Records from a data source:
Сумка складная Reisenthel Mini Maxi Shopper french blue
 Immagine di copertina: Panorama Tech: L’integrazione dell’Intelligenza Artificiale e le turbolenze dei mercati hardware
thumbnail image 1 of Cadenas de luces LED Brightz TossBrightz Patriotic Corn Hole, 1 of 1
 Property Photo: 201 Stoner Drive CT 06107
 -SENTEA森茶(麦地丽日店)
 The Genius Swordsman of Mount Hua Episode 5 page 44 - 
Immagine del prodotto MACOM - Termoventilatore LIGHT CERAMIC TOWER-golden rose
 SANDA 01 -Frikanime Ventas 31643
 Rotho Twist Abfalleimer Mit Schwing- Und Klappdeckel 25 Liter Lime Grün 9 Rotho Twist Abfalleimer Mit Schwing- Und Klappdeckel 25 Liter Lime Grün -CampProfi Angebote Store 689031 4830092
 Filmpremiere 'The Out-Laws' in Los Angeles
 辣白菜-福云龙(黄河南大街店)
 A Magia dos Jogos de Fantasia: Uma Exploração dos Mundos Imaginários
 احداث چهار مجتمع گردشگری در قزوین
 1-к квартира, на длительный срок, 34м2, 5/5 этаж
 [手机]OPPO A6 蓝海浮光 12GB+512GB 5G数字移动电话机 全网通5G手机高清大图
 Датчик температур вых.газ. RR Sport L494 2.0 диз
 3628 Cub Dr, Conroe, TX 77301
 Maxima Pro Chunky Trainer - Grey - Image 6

Assignment: This task calls for an exact reproduction of the lines that start at the one containing "A Magia dos" and continue to the end of the entries above.

Response to the task:
 A Magia dos Jogos de Fantasia: Uma Exploração dos Mundos Imaginários
 احداث چهار مجتمع گردشگری در قزوین
 1-к квартира, на длительный срок, 34м2, 5/5 этаж
 [手机]OPPO A6 蓝海浮光 12GB+512GB 5G数字移动电话机 全网通5G手机高清大图
 Датчик температур вых.газ. RR Sport L494 2.0 диз
 3628 Cub Dr, Conroe, TX 77301
 Maxima Pro Chunky Trainer - Grey - Image 6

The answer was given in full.